### Work instruction
Beginning with the line that holds "Vue de la D27" and ending with the last line below, please copy every line exactly, add nothing, and leave out the pictures.

### Dataset excerpts
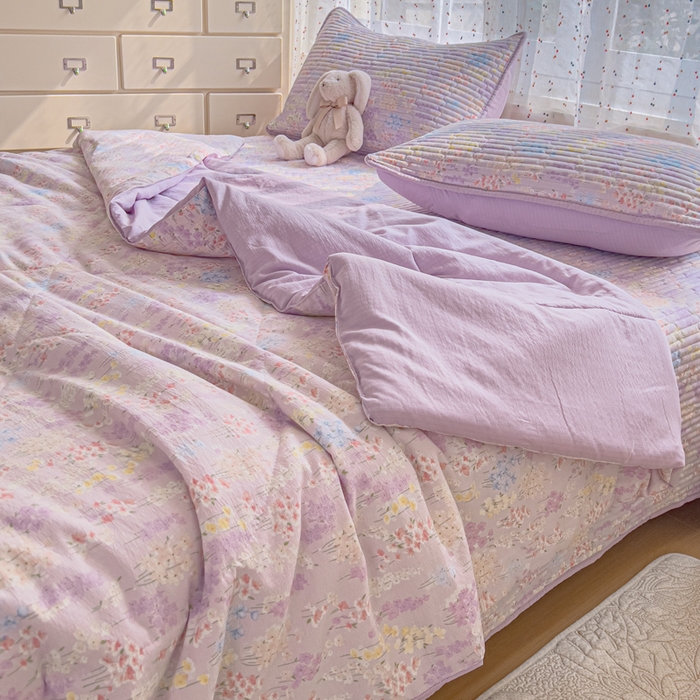 91家纺网 家纺一手货源 找家纺 几禾 2026新款云感双层纱7A抗菌夏被四件套系列-栀夏系列 栀夏-薰衣草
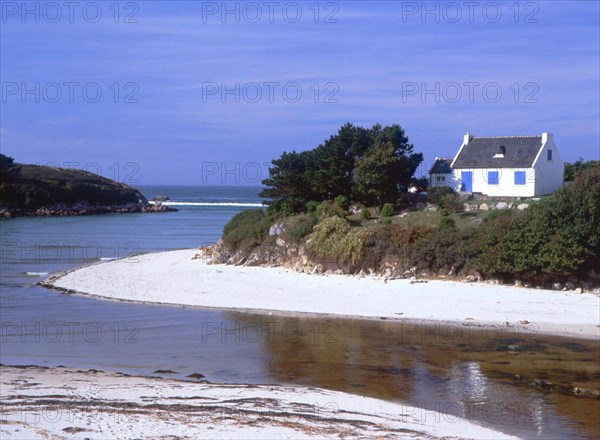 Vue de la D27 au sud de l'anse de Penfoul en direction du nord-ouest (anse de Penfoul). Pleine mer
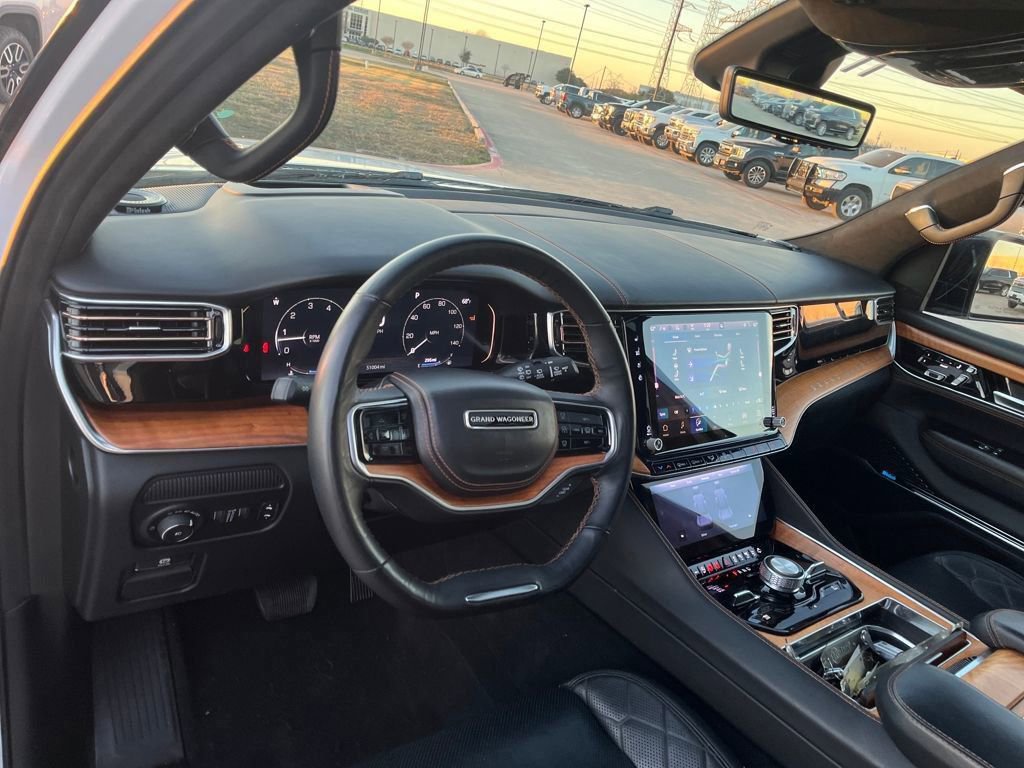 Used 2024 Jeep Grand Wagoneer L Series III image 17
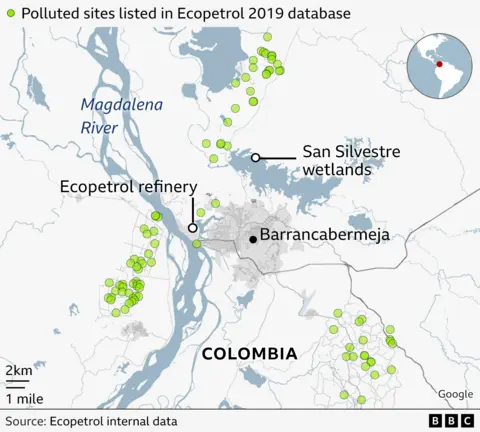 The map shows the city of Barrancabermeja, the Ecopetrol refinery in the west of the city. Polluted locations listed in the 2019 Ecopetrol database are marked on the map as north, west and southeast of New York City.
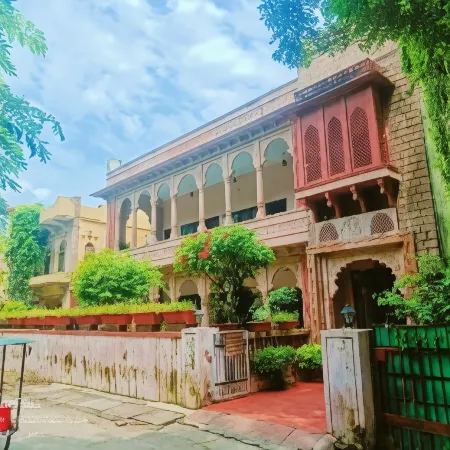 Hotel Karan Villas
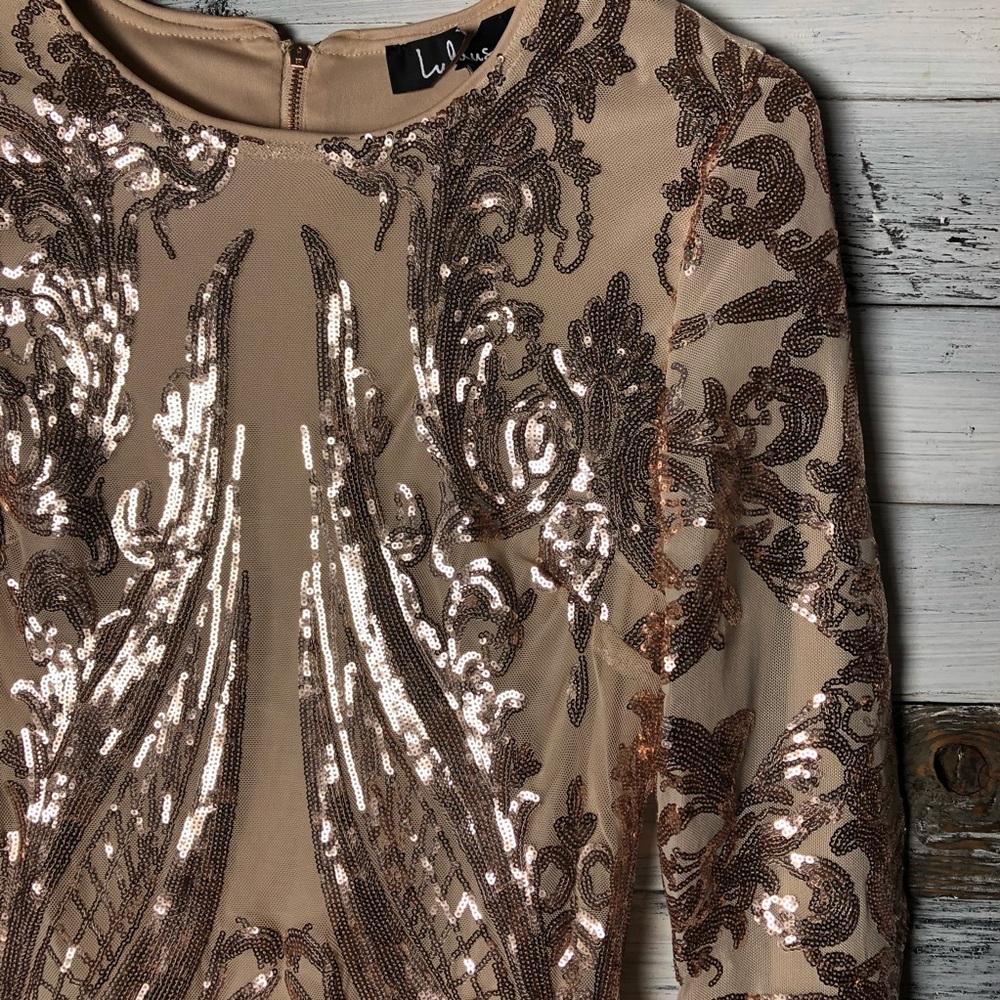 Lulu’s Gold Sequin Bodycon - Picture 2 of 8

### Result of the exercise
 Vue de la D27 au sud de l'anse de Penfoul en direction du nord-ouest (anse de Penfoul). Pleine mer
 Used 2024 Jeep Grand Wagoneer L Series III image 17
 The map shows the city of Barrancabermeja, the Ecopetrol refinery in the west of the city. Polluted locations listed in the 2019 Ecopetrol database are marked on the map as north, west and southeast of New York City.
 Hotel Karan Villas
 Lulu’s Gold Sequin Bodycon - Picture 2 of 8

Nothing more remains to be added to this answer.